Momentary Pleasure
Fabian Marbaniang
Faculty
English and Communication Department, MLCU
We speak of the uniqueness of a particular culture, for we assume to have understood the attitudes, the beliefs and behaviour of a people. We have the greatest admiration for any culture, especially one that is adorned extravagantly with colours, those which are not resistible. We observe, we get close, we touch, we seduce. Are we not being human for satisfying a craving for momentary pleasure? But of course, that is short lived. If we go back in time to reflect on that one particular act, or on the many individual acts of a similar nature, we would in all probability realise, that we have risen to power simply because we have overpowered. It is the sheer absence of rationality, in the presence of an overpowering mental and emotional drive, that arouses in us, the compulsion to act. It is an act where the conscience is suppressed, only allowing it to prick hopelessly, into that half a fraction of what may be left, of our rationality. The craving is satisfied, the moment has been lived.

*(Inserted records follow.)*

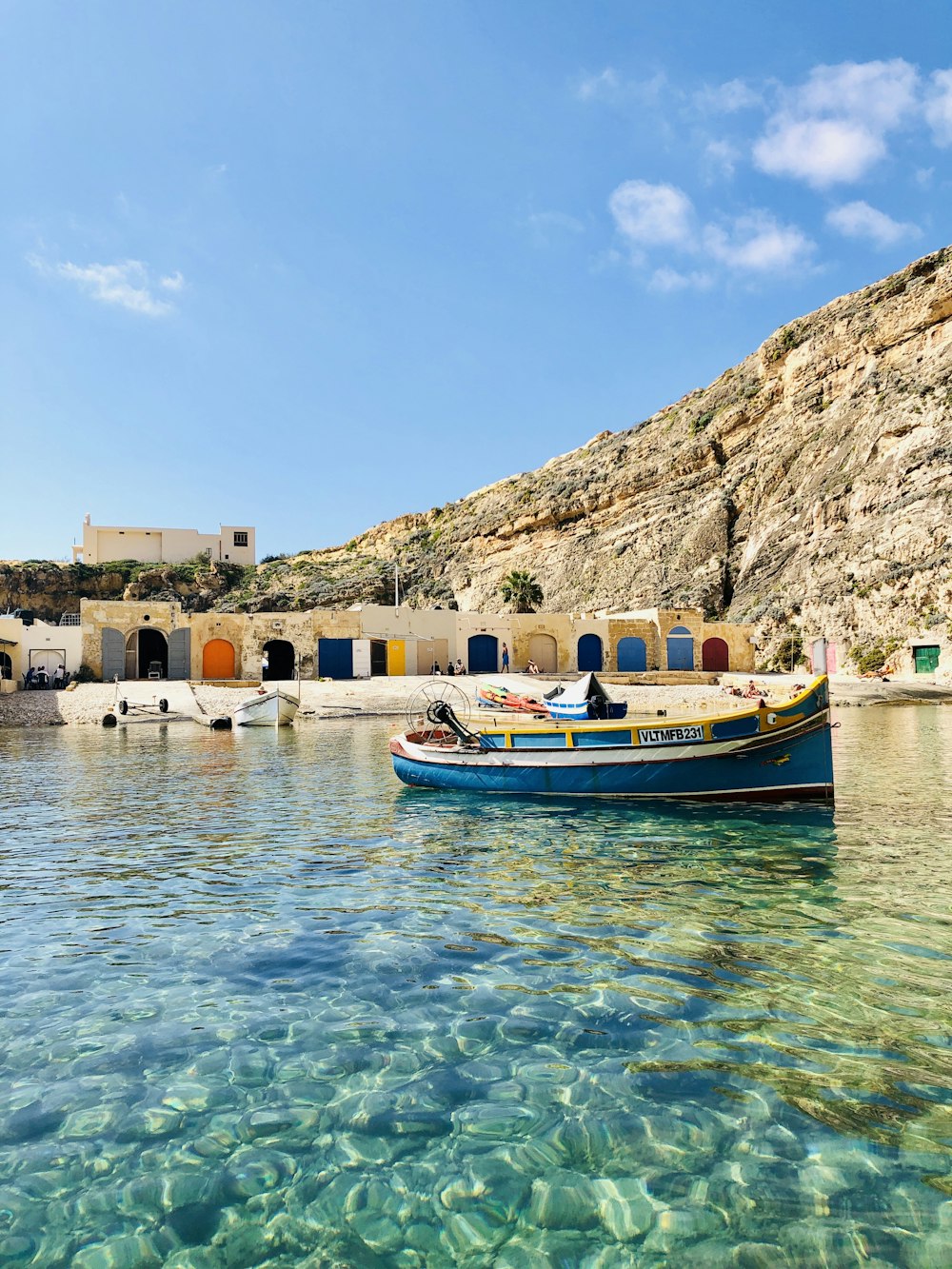 a boat floating on top of a body of water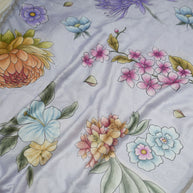 Grey pure cotton digital prints sarees with allover floral prints and zari woven border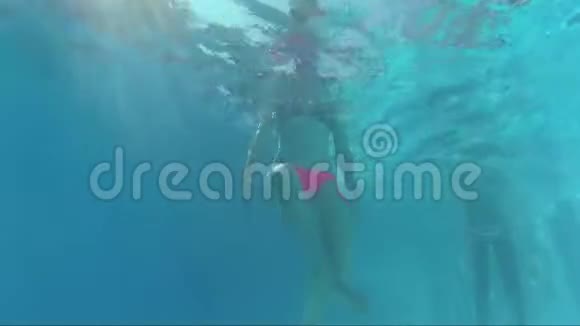 在游泳池底部摆佛姿势的快乐女孩视频的预览图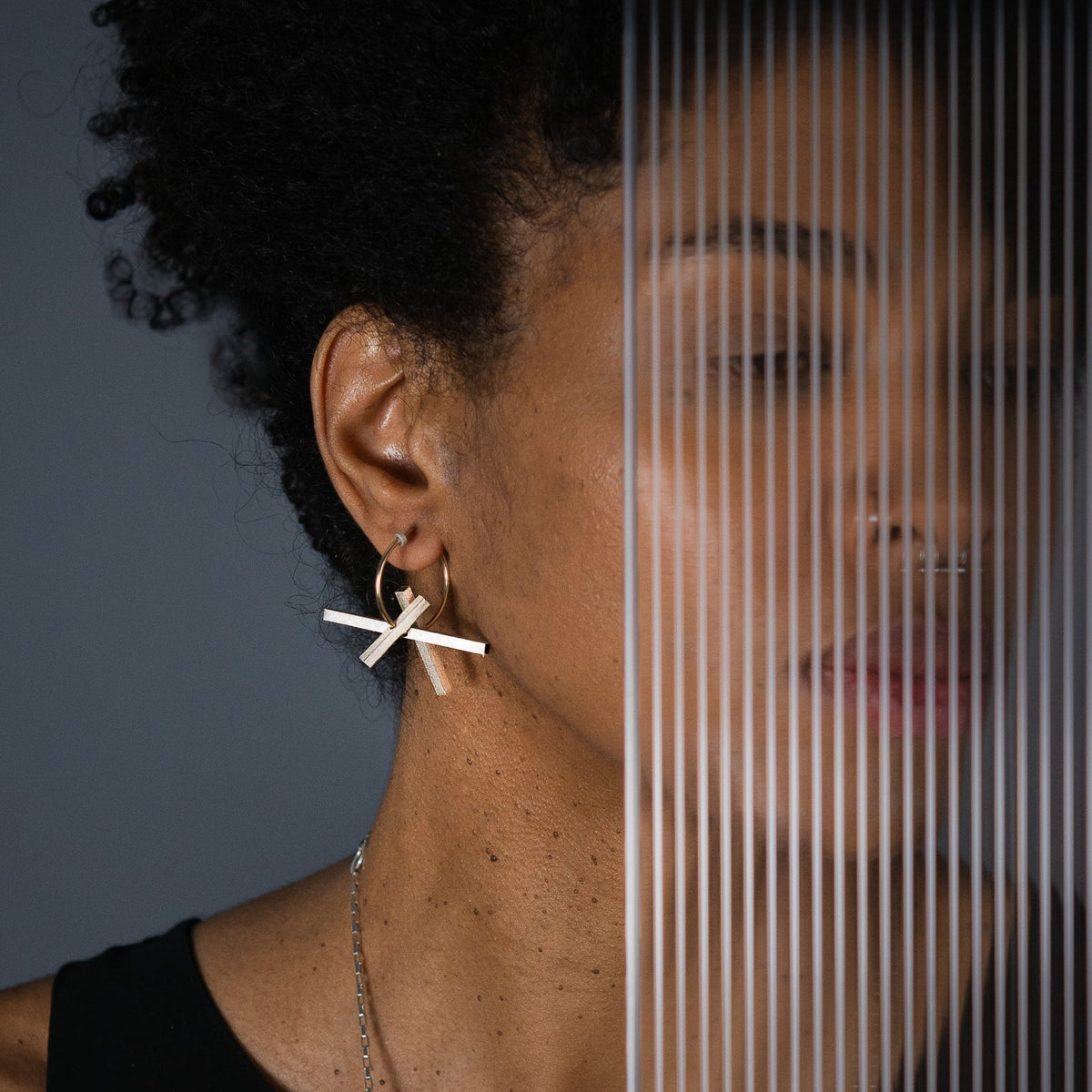 A close-up lifestyle shot of a model wearing a gold geometric cross earring with a small gold hoop, set against a dark gray background with a vertical striped overlay.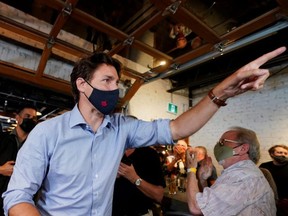 Prime Minister Justin Trudeau gestures during an election campaign stop in Brantford, Ont. Sept. 6, 2021.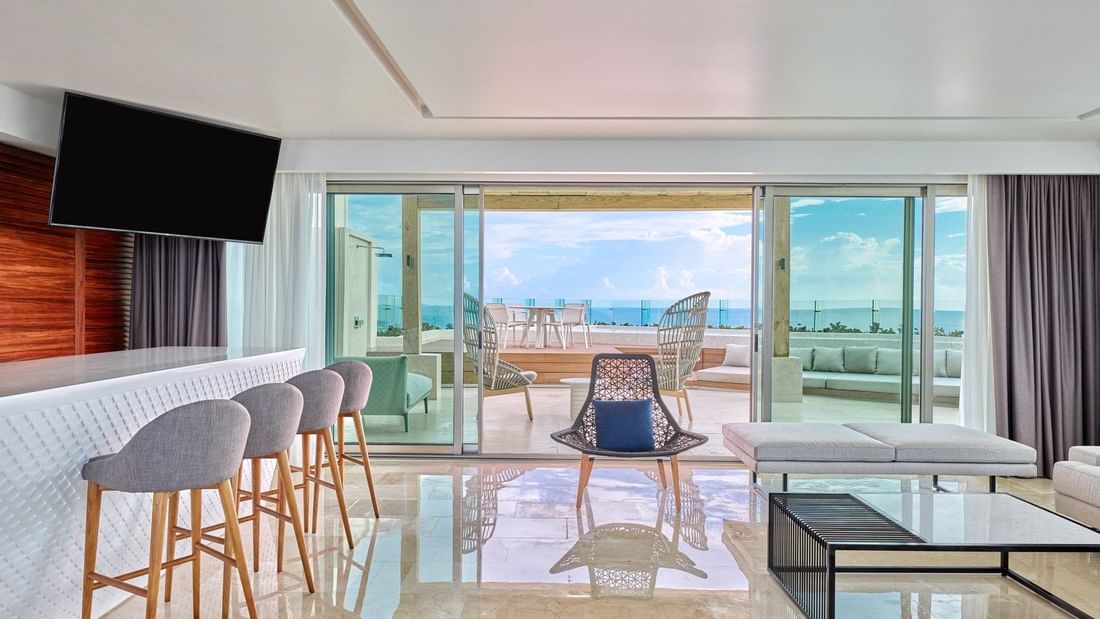 Spacious Presidential Sol y Luna Suite living room with TV and balcony area at Live Aqua Cancun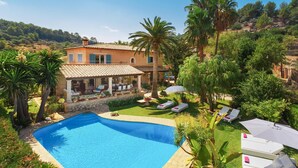 A villa with a swimming pool, outdoor seating, and lush greenery. - Majorca Villa with pool in Majorca - Villa Font (Mancor de la Vall)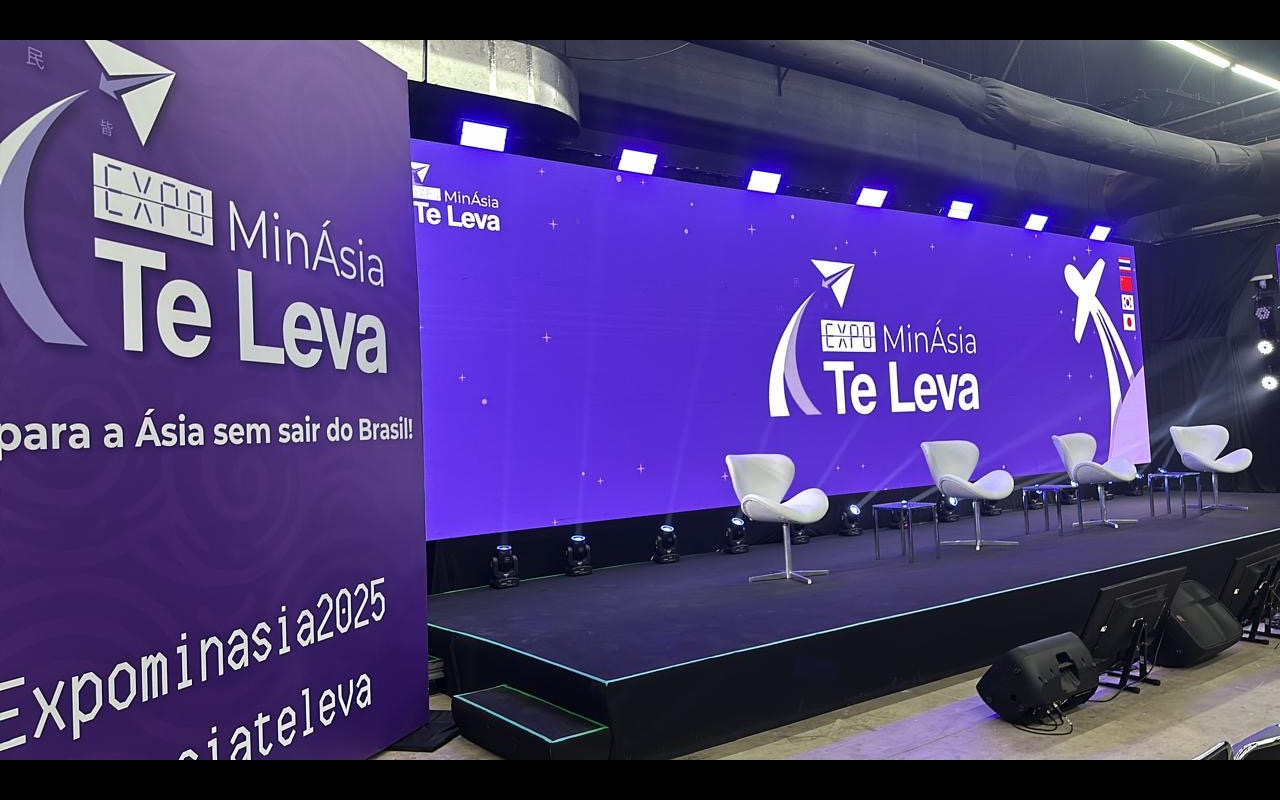 Palco elevado com parede de LED roxa, quatro poltronas brancas e refletores no piso, sob dutos aparentes do teto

When the act is compulsive, then the struggle is between the powerful and the vulnerable, the strong and the weak, the haves and the have-nots, the developed world and the developing world, the developing world and the static world. But who is to say what ‘development’ is? But who has the right to label a ‘static’ people as ‘under-developed’ and thus ‘backward’? The culture of a people is how they behave on account of their attitudes and believes. In the absence of rationality, we act on who and what we perceive as the ‘underdeveloped’, irrespective of where a people come from. However, that irrational mind, utilises that half a fraction, to try make sense of that not so peculiar a behaviour, and to make some sort of justification, even amidst being driven to make amends for what many would understate it as ‘damaged’. Yet again, the conscience is suppressed, and the act becomes a chronic illness.
Lunacy seeps in and becomes rampant within the cultures of old. Their identity stripped, their rights deprived. Anarchy reigns over the age old structured political, social and economic system. Their philosophies questioned; their roots in their religious beliefs shaken; spiritualism more an idealism. Nothing speaks to them anymore. Decades of traumatic experiences have hardened the senses of a people. Wordsworth often reminded and warned his readers of this great loss. Our drains are clogged, our streets congested, and our only way forward is to look back in time to reflect not on our unacceptable behaviour, but on what it could have been, if a craving for a momentary pleasure had not got the better of us. Our forests and minerals are depleting, the water table falling, our source of life is gradually drying for we have exploited what has been at the heart of our way of existence: The earth under our feet has been exploited; hope seems bleak for any sort of rejuvenation. But who is to believe this when food on our table is still being laid? We still wear the best of the kind that fashion house can produce. There is no remorse, we have had our moment.
It is inevitable then, that we will be driven no longer by a conscience, but by hunger. We shall plead insanity in our state of guilt. We will be insane in our struggle to regain what was and what could have been. We victimised and now we have become victims of a disorder that we ourselves have created. The vicious cycle is complete.